- TASK OBJECTIVE
Reproduce only the lines below from the line containing "PDIA3 / ERp57" to the line containing "What Are Chemical Peels?", exactly as written, with both end lines kept. Omit the pictures.

** RECORDED DATA follows **

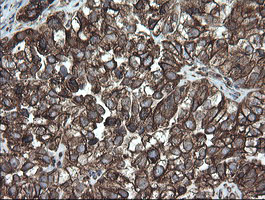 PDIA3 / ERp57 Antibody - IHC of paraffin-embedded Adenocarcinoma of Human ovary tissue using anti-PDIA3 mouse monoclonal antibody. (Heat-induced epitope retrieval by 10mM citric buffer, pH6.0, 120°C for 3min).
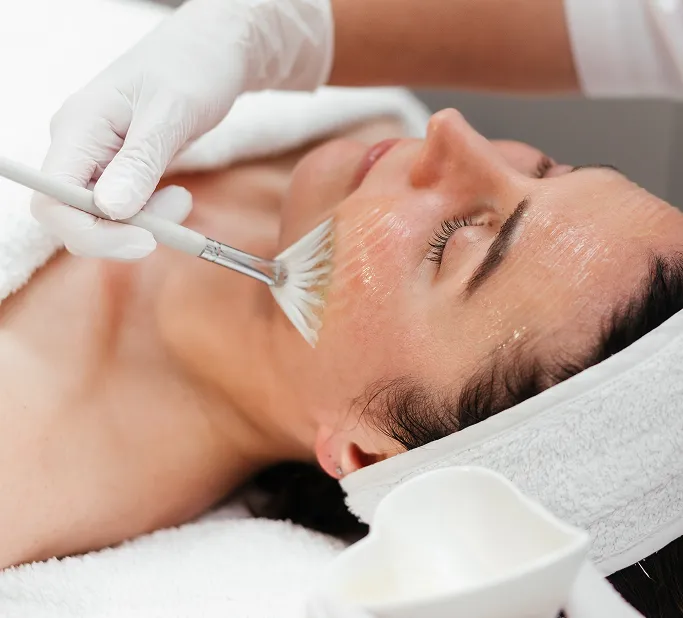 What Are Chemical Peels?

** End of RECORDED DATA **
** RECORDED DATA follows **

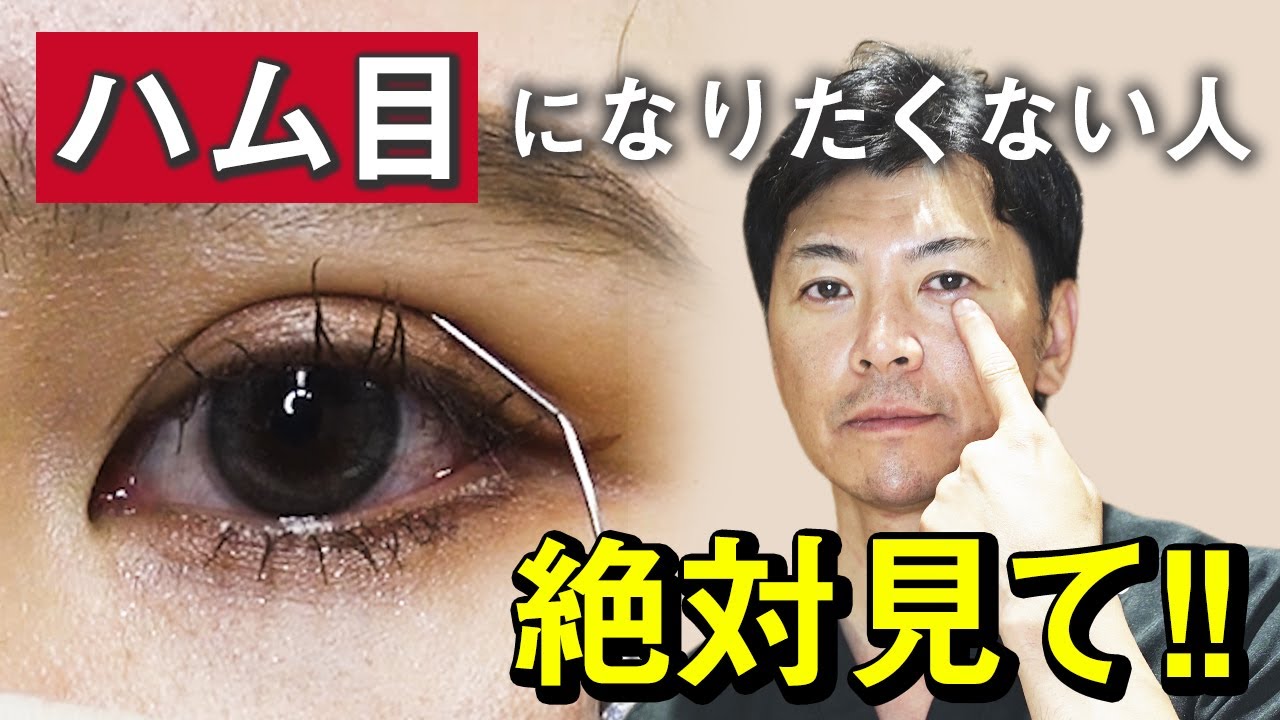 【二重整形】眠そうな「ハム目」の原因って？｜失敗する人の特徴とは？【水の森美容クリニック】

** End of RECORDED DATA **

- EXERCISE OUTPUT
 PDIA3 / ERp57 Antibody - IHC of paraffin-embedded Adenocarcinoma of Human ovary tissue using anti-PDIA3 mouse monoclonal antibody. (Heat-induced epitope retrieval by 10mM citric buffer, pH6.0, 120°C for 3min).
 What Are Chemical Peels?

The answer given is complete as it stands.